Wednesday, November 01, 2006

Logbook: Cinco Dias En Mexico

Cincodiasenmexico1I have a lot of great media of the five days “Los Viajeros” have spent in Mexico City which I will soon edit into a Report. Meanwhile, here is a recap: After getting a much needed good night’s sleep on Friday night -- in our cool, quiet, mosquito-free room at the fabulous Gran Hotel -- we decided to make Saturday an “overview” day. So, after breakfast and a brief walk around Zocalo we got on the “Turibus” -- the typical red, double-decker, open air bus that most major cities have for tourists -- and had a four hour tour around the major highlights of the city. The many famous buildings and monuments were interesting, of course, but what was most amazing is the city’s sheer mass of humanity... and traffic! With over 20 million people -- and a comparable number of vehicles -- Mexico City is the world’s second most populous city.
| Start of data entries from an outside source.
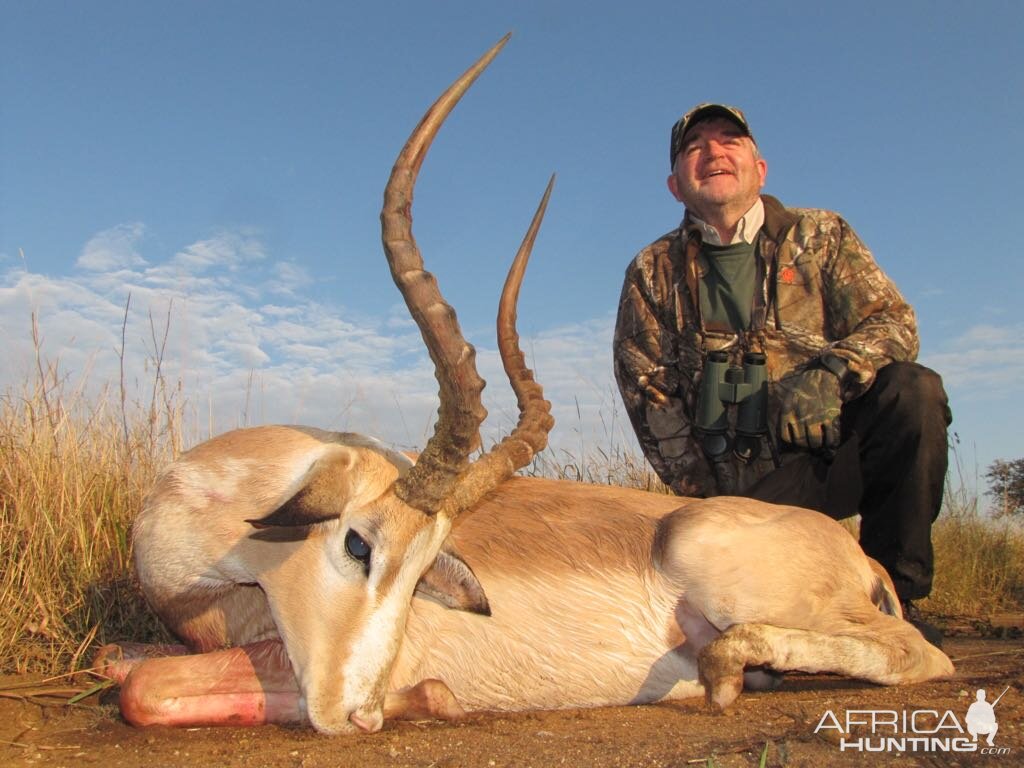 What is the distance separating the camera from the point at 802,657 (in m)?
3.34

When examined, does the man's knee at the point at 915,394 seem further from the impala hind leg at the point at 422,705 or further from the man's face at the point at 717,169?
the impala hind leg at the point at 422,705

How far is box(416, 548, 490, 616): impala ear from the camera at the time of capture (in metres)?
3.50

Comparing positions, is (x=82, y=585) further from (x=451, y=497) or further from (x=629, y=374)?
(x=629, y=374)

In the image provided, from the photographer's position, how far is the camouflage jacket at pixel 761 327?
17.9 ft

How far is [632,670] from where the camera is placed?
3607 mm

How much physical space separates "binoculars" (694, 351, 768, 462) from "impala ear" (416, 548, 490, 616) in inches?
91.9

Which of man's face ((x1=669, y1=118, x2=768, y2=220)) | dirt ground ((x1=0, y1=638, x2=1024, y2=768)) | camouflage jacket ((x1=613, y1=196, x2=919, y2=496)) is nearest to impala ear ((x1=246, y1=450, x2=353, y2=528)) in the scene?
dirt ground ((x1=0, y1=638, x2=1024, y2=768))

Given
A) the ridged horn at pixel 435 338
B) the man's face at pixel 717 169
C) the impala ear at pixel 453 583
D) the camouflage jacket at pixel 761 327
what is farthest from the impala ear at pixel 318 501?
the man's face at pixel 717 169

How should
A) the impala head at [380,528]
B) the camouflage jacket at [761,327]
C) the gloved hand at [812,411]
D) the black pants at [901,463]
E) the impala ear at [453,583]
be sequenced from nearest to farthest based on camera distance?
the impala head at [380,528], the impala ear at [453,583], the black pants at [901,463], the gloved hand at [812,411], the camouflage jacket at [761,327]

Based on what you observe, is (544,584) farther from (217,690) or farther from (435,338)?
(217,690)

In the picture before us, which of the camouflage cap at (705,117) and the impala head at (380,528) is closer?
the impala head at (380,528)

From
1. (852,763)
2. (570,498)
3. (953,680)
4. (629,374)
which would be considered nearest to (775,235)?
(629,374)

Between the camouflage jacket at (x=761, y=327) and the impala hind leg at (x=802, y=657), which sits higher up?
the camouflage jacket at (x=761, y=327)

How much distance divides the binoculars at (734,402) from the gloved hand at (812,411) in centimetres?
20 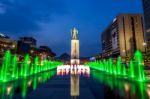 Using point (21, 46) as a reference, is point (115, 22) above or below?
above

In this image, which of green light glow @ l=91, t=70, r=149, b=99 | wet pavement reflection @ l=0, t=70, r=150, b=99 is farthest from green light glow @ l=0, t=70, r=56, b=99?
green light glow @ l=91, t=70, r=149, b=99

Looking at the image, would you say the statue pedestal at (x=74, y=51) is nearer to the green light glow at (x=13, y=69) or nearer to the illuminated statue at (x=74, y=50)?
the illuminated statue at (x=74, y=50)

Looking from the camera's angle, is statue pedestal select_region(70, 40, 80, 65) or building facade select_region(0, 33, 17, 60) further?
building facade select_region(0, 33, 17, 60)

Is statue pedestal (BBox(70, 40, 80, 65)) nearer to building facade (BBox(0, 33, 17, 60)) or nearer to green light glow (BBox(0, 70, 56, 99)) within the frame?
green light glow (BBox(0, 70, 56, 99))

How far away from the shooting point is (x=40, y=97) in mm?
8734

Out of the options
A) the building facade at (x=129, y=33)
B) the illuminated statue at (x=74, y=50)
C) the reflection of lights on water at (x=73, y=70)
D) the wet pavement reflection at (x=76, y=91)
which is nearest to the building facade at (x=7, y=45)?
the illuminated statue at (x=74, y=50)

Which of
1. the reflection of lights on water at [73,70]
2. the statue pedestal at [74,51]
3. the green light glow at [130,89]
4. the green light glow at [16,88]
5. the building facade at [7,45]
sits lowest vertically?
the green light glow at [130,89]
One is constantly surrounded by people and suffocated by exhaust, smog and pollution. At one point, when we got off the bus to take a break, Greg had no problem doing his usual routine of getting his picture taken with local girls. With his disarming smile and infectious positive energy, he always seems to bring out the “fun” in people. My role as “straight man” involves saying, “Lo siento, mi tio es muy loco!” which always clinches the deal. The Mexican people are very warm, friendly and happy, which is somehow in stark contrast to the very difficult living conditions of the city.

After a little “recovery” time in our room, we had dinner and hit the rack. On Sunday morning we met with Miguel -- a professional tour guide with a wonderful sense of humor and excellent English -- for a full day of sightseeing. We drove south through the city, stopped at a number of interesting places where we enjoyed Miguel’s insightful “esplanations” and good humor, then went to a local professional soccer game. What an experience! The cheering, chanting and singing never stopped during the entire game, and by the time it was over we were fast friends with many of the fans. After the game we drove to the floating gardens for an enjoyable “barge ride.” This experience is impossible to describe, so you will have to wait to see it in the Report. The day pretty much wore us out, so we did our routine of rest, eat and sleep.

On Monday, I had an “inside day” to make some arrangements for the Voyage going forward and to do some “other work” which included several excellent telecons on my beloved Skype -- Have I mentioned it’s free! Greg headed out for a day of exploration, returning completely exhausted in the afternoon -- it is impossible to express how the oppressive conditions in this city will wear you out -- ready for a nap, dinner and sleep. Yesterday, we headed out together for a day of exploration that centered around experiencing the city’s subway system. We were very impressed with the Metro, and would recommend it to any visitor as a way to get around. The trains run frequently, swiftly and all over the city, carrying more than five million people a day. Greg had heard that “old” people get to ride for free, so he made a comedy routine out of getting the turnstile guards to let him through without paying. The video of this is priceless! At one point, we got off at a station where we were told there was a “Museum of Torture” -- something we just had to see -- and spent an hour trying to get directions from local folks. We finally gave up and returned to Zocalo, only to find out that the museum was within walking distance of our hotel! After touring the exhibit -- which was positively ghastly -- we returned to our hotel for -- you guessed it -- rest, dinner and sleep!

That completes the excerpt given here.